→ **TO DO**:
Pictures must not be copied, but every entry must be reproduced exactly.

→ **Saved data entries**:

.....

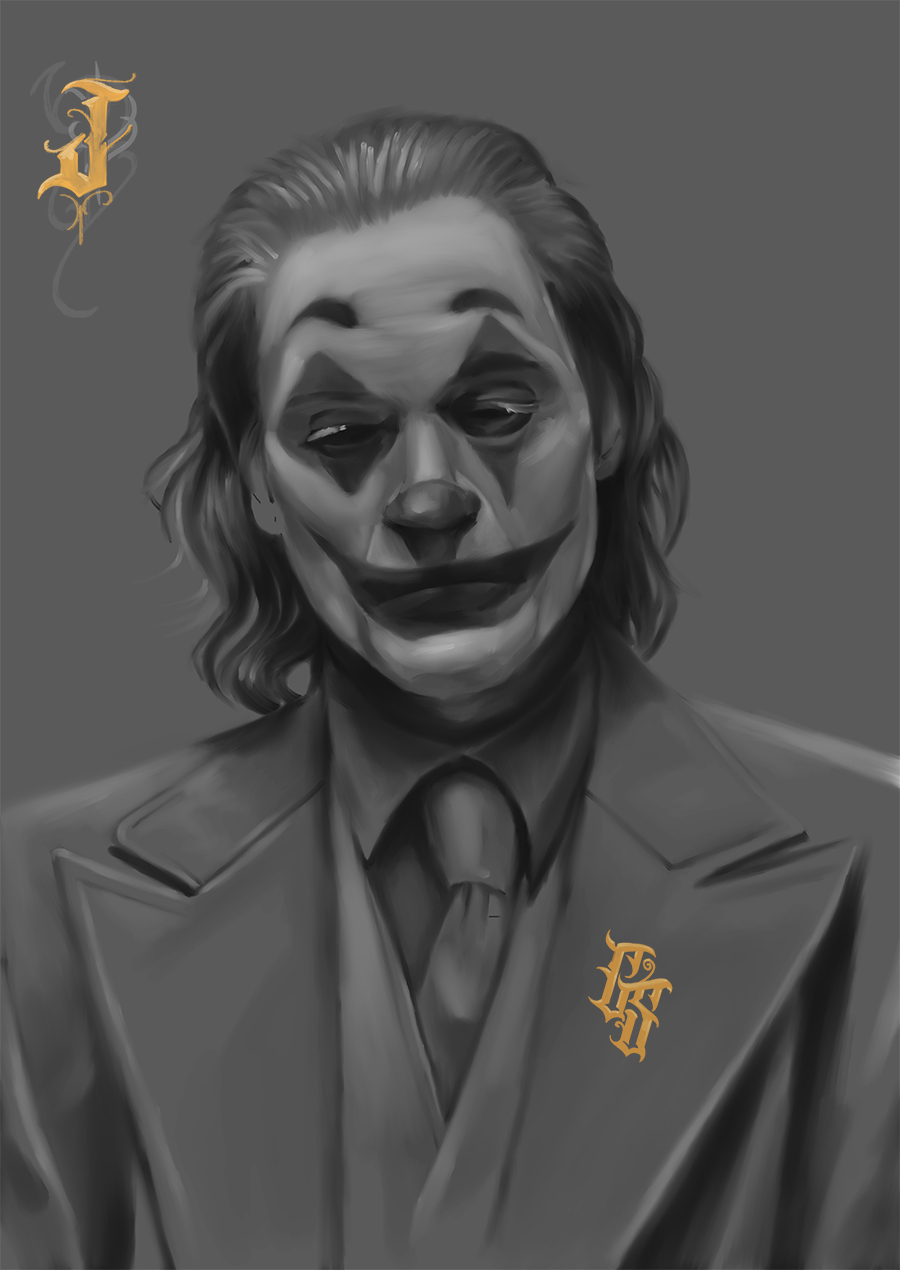 Just a drawing - My, Joker, Drawing, Dc comics, Joaquin Phoenix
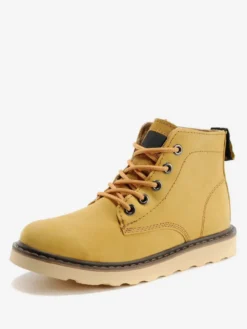 Bottes de travail pour hommes en cuir de vachette bottines courtes classiques jaunes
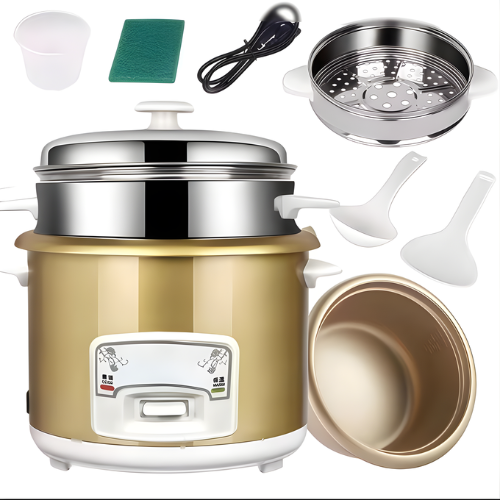 2L Rice Cooker Non-Stick Cookers and 5 free gifts including steamer - Gold @HOG - Home, Office, Garden, Online Marketplace

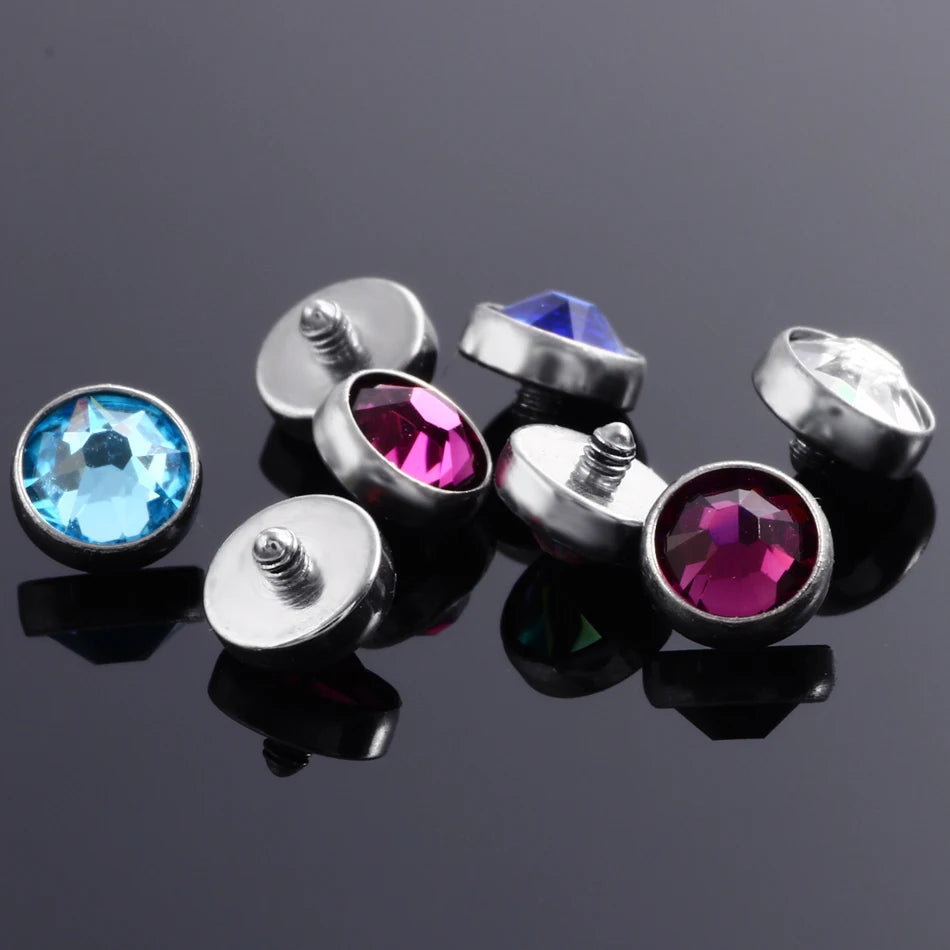 1PC Titanium Microdermal Piercing Surface Internally Threaded Gem Ends Dermal Skin Diver Hide in  Medusa Piercing Body Jewelry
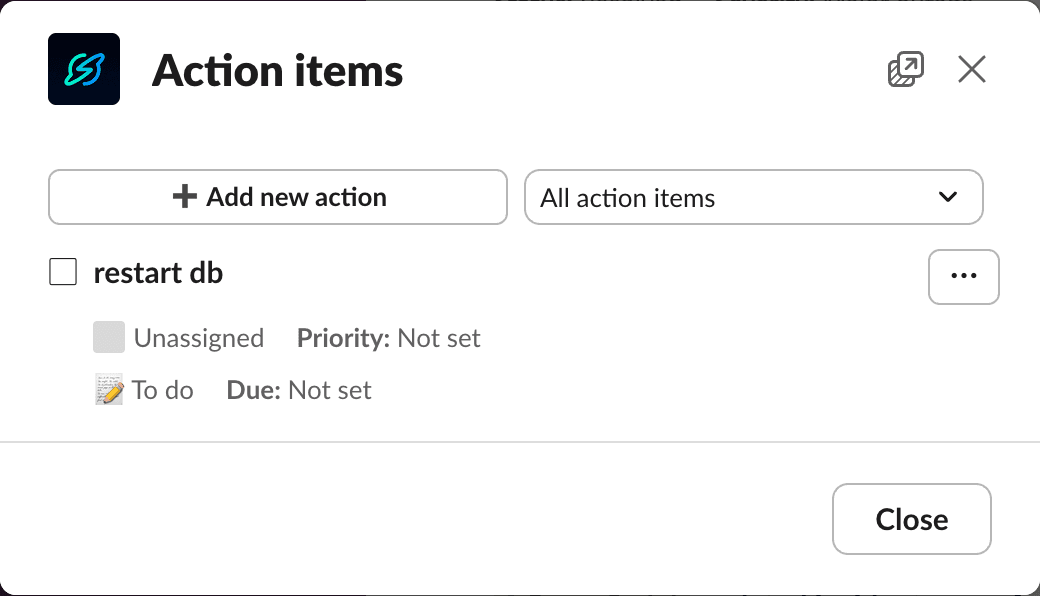 View action items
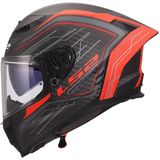LS2 FF807 Dragon integraalhelm Subic mat rood carbon zwart XL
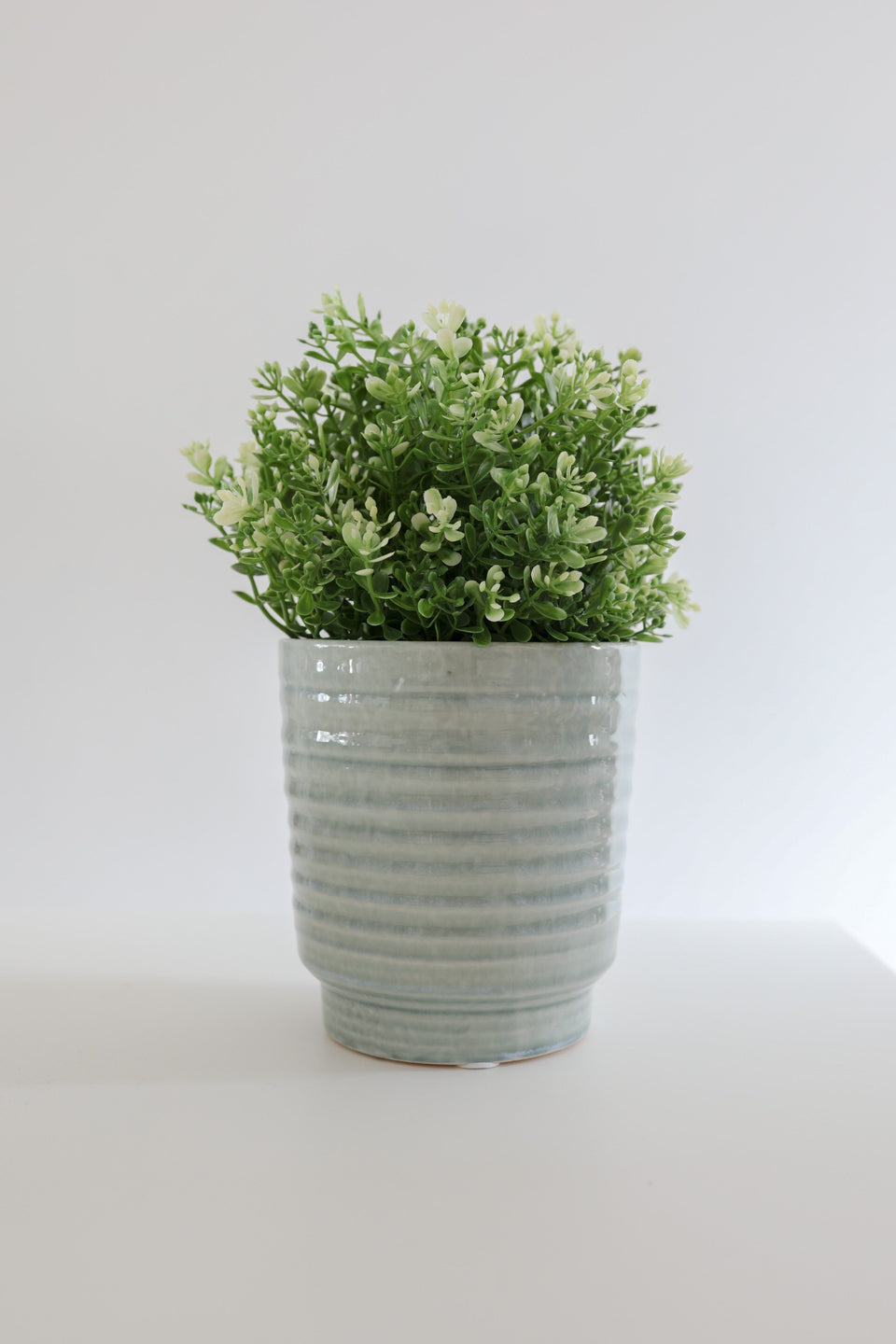 Green ripple pattern ceramic planter- Large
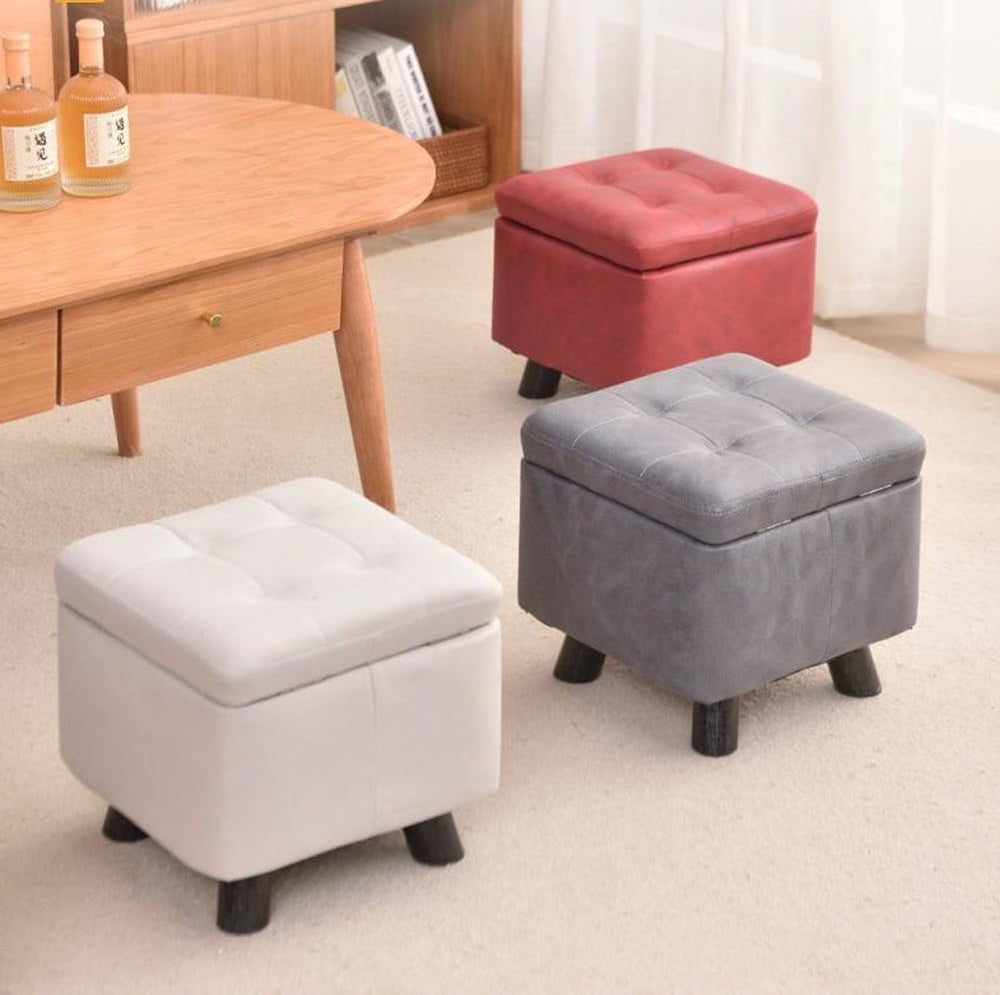 Premium Storage Ottoman Upholstered Square Foot Rest Stool with Sturdy Wood L...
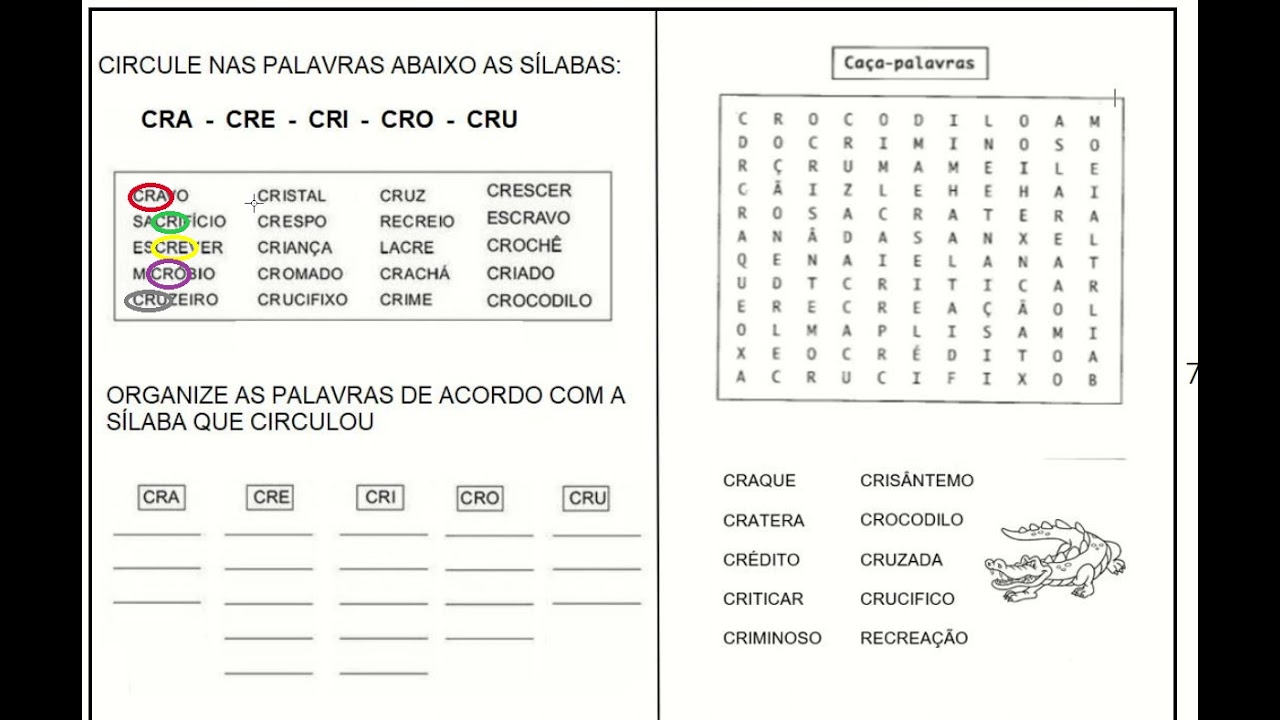 Sílabas complexas P. 7 (CRA - CRE -CRI - CRO - CRU) 
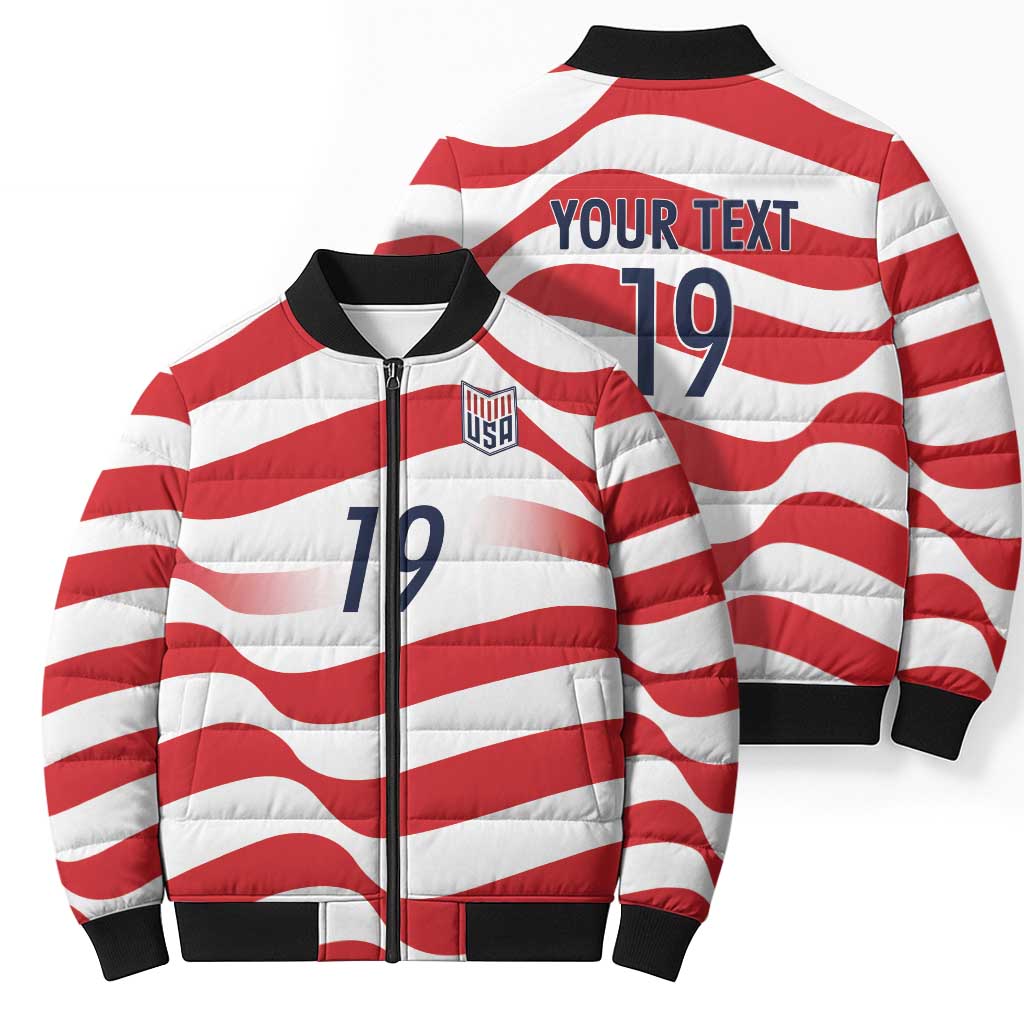 Custom World Football 2026 USA Bomber Puffer Jacket Wavy American Flag Stripes Graphic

.....

→ **TASK RESULT**:
 Just a drawing - My, Joker, Drawing, Dc comics, Joaquin Phoenix
 Bottes de travail pour hommes en cuir de vachette bottines courtes classiques jaunes
 2L Rice Cooker Non-Stick Cookers and 5 free gifts including steamer - Gold @HOG - Home, Office, Garden, Online Marketplace

 1PC Titanium Microdermal Piercing Surface Internally Threaded Gem Ends Dermal Skin Diver Hide in  Medusa Piercing Body Jewelry
 View action items
LS2 FF807 Dragon integraalhelm Subic mat rood carbon zwart XL
 Green ripple pattern ceramic planter- Large
 Premium Storage Ottoman Upholstered Square Foot Rest Stool with Sturdy Wood L...
 Sílabas complexas P. 7 (CRA - CRE -CRI - CRO - CRU) 
 Custom World Football 2026 USA Bomber Puffer Jacket Wavy American Flag Stripes Graphic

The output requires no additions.